What started your interest in writing “Lincoln Unbound?” And where does one begin in the research process?
I have always been drawn to him as many people are. The idea for “Lincoln Unbound” came from “Abraham Lincoln: Redeemer President,” a book written by a historian named Allen Guelzo. In the beginning of the book there is a treatment of differences between Lincoln’s view of economics and Jefferson and the Jeffersonian Democrats. I had never seen that discussed. That was what really fired my interest in this particular angle on Lincoln. This college has statues of both Lincoln and Jefferson almost in sight of each other. But Jefferson was very much a romantic about the farmer in American life, and Lincoln having lived that life himself, had zero romanticism about it whatsoever. Lincoln was much more fired by the Hamiltonian vision of America where you have this financially diverse and sophisticated industrializing economy. He saw the Jeffersonian Democrats as associated with the corruption of the country.
What lesson could our current political leaders take from Lincoln in times of national division?

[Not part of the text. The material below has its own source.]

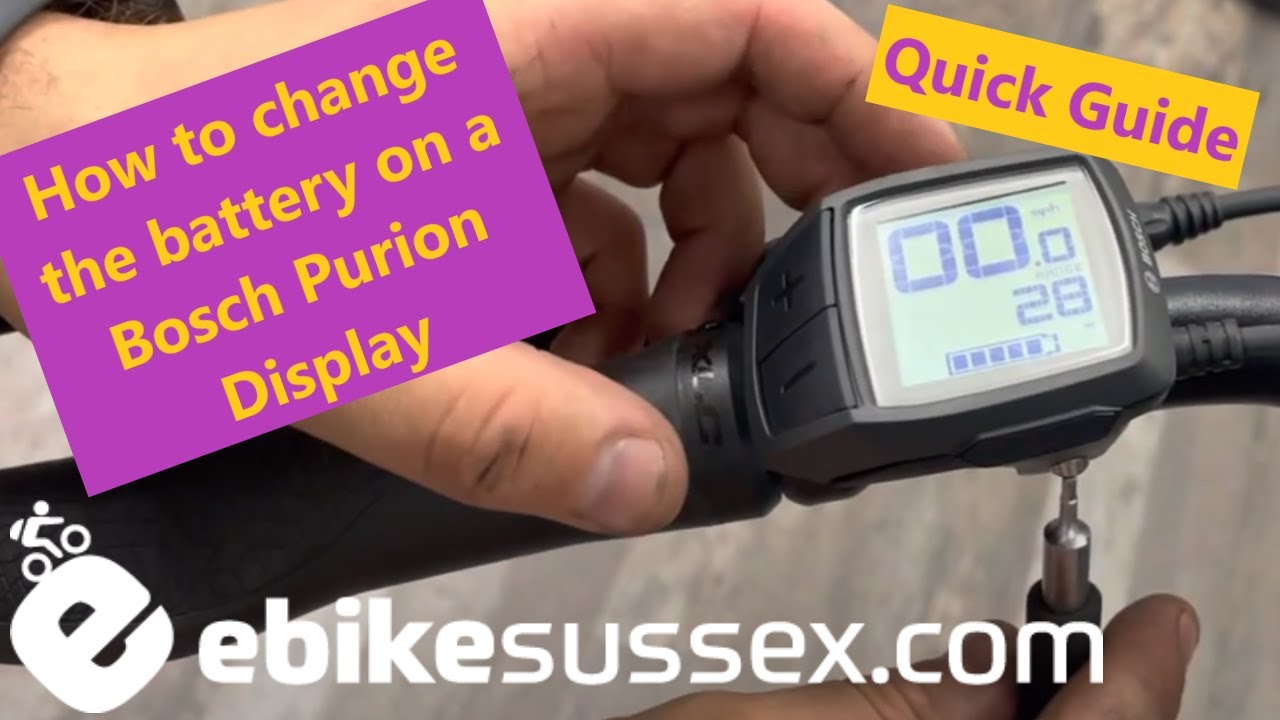 How to change the battery on Bosch Purion Display - YouTube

There are a couple of things. First, I think it is important to understand that he was partisan, he was very politically deep in his bones. He was a party leader. He saw nothing wrong with the party politics, it was what he spent most of his life doing. I think he would have a pretty high tolerance for the kind of things you see in Washington. A lot of it represents the clashing of two opposing point of views and Lincoln was very familiar with that. Even back when he was a Whig they had an inflammatory debate over the Bank of Illinois, which was chartered by the state. The Whigs supported the bank because of their economic vision. The Democrats were trying to kill it. There was this one incident, through a parliamentary motion, in which the Bank’s charter would end when the session of the legislature ended. The Democrats were using this to potentially kill the bank. Lincoln’s Whigs realized that if a quorum could not be called, the session couldn’t end. So Lincoln was monitoring how many people were on the floor of the legislature and he saw that the Democrats had managed to get enough Whigs in to get a quorum. So he and his partner jumped out a window and ran away because the doors were blocked by the sergeant of arms. He was ridiculed for this. But he was someone that would jump out of a window as a part of a parliamentary maneuver. Now granted this was when he was younger and more immature, but he had a high tolerance for partisan maneuvers.

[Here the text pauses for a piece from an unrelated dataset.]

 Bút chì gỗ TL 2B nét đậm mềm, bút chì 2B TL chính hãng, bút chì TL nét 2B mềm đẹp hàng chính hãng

What is missing from today’s political debates?
One of the things that was so great about Lincoln’s war leadership was his lack of certitude, ultimately, about his own correctness. The beauty and power of his second inaugural address is that the country was fighting this horribly bloody war, but there was Lincoln who said that the country bore responsibility and that God’s purposes were the country’s own. That represents a kind of found modesty, ultimately. We would probably have a better political debate and even a better discourse generally if everyone had a little of that doubt about themselves and their views somewhere underneath the discussion. Which doesn’t mean you can’t fight for your beliefs and try to uphold principle, but having that kind of modesty is important.
You have previously mentioned that National Review represents a certain civility, discourse, and wit. Could you speak to the role of National Review in this evolving media industry?

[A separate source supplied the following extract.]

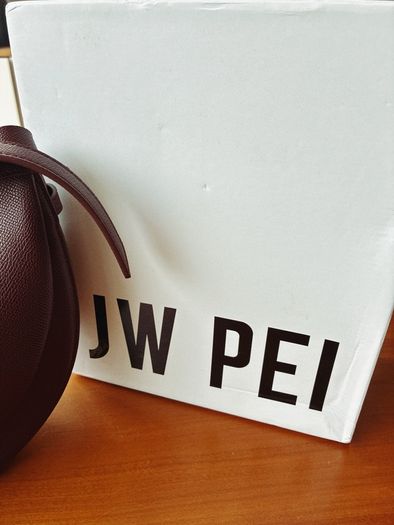 JW PEI Carly Saddle Crossbody Bag - Burgundy - Like New with Box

National Review has always planted the flag for the right. We try to put forth the best arguments for conservatism and our view of America and the importance of liberty. As we begin to use online and digital mediums, the purpose does not change but the content has a little bit. Things online tend to be shorter, they are more immediate than articles in a print magazine. But we seek to do the same thing, defending the same ideals in hopefully the same way. We take the arguments of the other side seriously, and engage them with excellent writing. The look and feel of National Review Online, is different than the print magazine. But the underlying of what it is, is the same. Twitter is more and more important, it is immediate and shorter. Even more immediate and shorter than the online content. Who knows what the next thing will be after Twitter? We aim to keep up with all of these trends. They are very important to the industry and getting the message out. We have always had the idea that we really aren’t a magazine, we are a cause. We create a community around that cause while advancing that cause. So if tomorrow, God forbid, the print magazine went away, that mission of National Review would stay the same but in different forms.